Benefits of the fediverse
The main benefit of the fediverse is decentralization. The fediverse separates the user interface from the underlying data.
A Twitter account's followers and posts exist on Twitter's servers. A Facebook or Instagram account's data exists on Meta's servers. They are not interoperable -- follower lists can't be transported between servers.
A fediverse application's data exists on an independent server instance and can travel between applications. If a user doesn't want to or can't use a platform for some reason, they can port their data to another application. The fediverse would eliminate platform lock-in.
If a traditional social application's central server goes down, users often experience performance issues. If a particular social media company goes out of business, the users on that platform lose their following and posts. The fediverse ensures one service provider's issues don't disproportionately affect users. If an application goes down in the fediverse, user data can still exist on other independent servers.
Challenges of the fediverse
One obstacle to ActivityPub and other fediverse protocols scaling up is inconsistent underlying infrastructure. There are dozens of apps that use fediverse protocols, but none are as popular as the big social platforms. A fediverse app such as Mastodon would have trouble taking on the user count that Facebook has all at once because many of the independent servers powering the fediverse operate out of people's homes. As more are added, the fediverse would become more fragile, as each has its own specific maintenance needs.
Having centralized, proprietary servers hold all the data has traditionally been more profitable than the decentralized model. There's little incentive for platforms to adopt the open standard, and little incentive for users to switch to a significantly less popular, less intuitive platform that they are unfamiliar with if the old, familiar platforms still work.
Content moderation is another challenge of the social fediverse. It's difficult to make platform-wide content moderation decisions because of the decentralized nature of fediverse apps.
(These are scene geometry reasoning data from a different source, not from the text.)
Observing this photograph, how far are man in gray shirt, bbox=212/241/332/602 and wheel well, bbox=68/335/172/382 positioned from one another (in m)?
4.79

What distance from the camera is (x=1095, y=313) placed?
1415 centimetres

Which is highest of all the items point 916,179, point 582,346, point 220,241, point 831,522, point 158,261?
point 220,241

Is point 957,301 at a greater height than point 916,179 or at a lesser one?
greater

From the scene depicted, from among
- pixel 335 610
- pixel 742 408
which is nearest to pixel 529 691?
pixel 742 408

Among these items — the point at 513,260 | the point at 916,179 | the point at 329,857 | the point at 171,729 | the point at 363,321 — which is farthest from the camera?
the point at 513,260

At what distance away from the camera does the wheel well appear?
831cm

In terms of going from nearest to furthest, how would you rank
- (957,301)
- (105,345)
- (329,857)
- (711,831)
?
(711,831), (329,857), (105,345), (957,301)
Centralized social platforms such as Facebook, TikTok and Twitter have unifying content moderation policies that prevent hate speech and other disallowed content.
History of the fediverse
The idea of a fediverse has been around for decades -- about as long as the web. At various points, big tech companies embraced the idea. One example is Google Buzz, which supported the OStatus protocol. Protocols such as RSS have long been used to create more open social networking experiences through data feeds.
In 2008, Evan Prodromou founded microblogging platform Identi.ca and published it to an open source server called Gnu Social that used the OStatus protocol. In the years that followed, several more platforms emerged using the OStatus protocol -- Friendica, Diaspora and Pump.io.
In 2016, two notable social networks emerged: Mastodon and Pleroma. Mastodon is a popular Twitter alternative.
In 2018, W3C created the ActivityPub protocol -- with one of the co-editors being Evan Prodromou -- and more platforms emerged, including PeerTube and Pixelfed. Mastodon also switched protocols from OStatus to ActivityPub in 2019.
In 2023, Threads' release sparked new interest in the fediverse and ActivityPub as its go-to protocol. Threads opened up the possibility of a fediverse flagship platform backed by a big tech company with a large user base.